This way of thinking about patterns was quickly picked up by pioneers in object-oriented coding and Agile software development. In 1994, Erich Gamma, Richard Helm, Ralph Johnson, and John Vlissides (known collectively as the Gang of Four (GoF)) published a book called Design Patterns - Elements of Reusable Object-Oriented Software. We'll offer a broad view of the patterns they identified and documented.

Program to an interface, not an implementation. Tightly coupling mainline program logic with implementations of specific functionality tends to make code hard to understand and maintain. Experience has shown that it works better to loosely-couple logical layers by using abstract interfaces. For instance, the mainline code calls functions and methods in a generic way. Lower-level functions implement matching interfaces for the functionality they provide, ensuring, for example, that all serialization functions used in a program are called in similar fashion.

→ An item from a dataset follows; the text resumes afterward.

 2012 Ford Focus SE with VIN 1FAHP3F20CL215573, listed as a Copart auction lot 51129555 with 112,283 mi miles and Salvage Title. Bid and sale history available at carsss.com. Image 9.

Object-oriented languages like Java formalize these ideas. They enable explicit declaration of interfaces that classes can implement. An interface definition is basically a collection of function prototypes, defining names and types for functions and parameters that higher-level logic might use to invoke a range of classes. For example, the interface to a range of 'vehicle' classes (e.g., class 'car,' 'motorcycle,' 'tractor') might include start_engine(), stop_engine(), accelerate(), and brake() prototypes.

Favor object composition over class inheritance. Object-oriented languages enable inheritance: more generalized base classes can be inherited by derived classes. Thus a 'duck' class might inherit substantial functionality from a 'bird' class. This requires, however, that the bird class implement a very wide range of methods, most of which may not be used by a specific derived class.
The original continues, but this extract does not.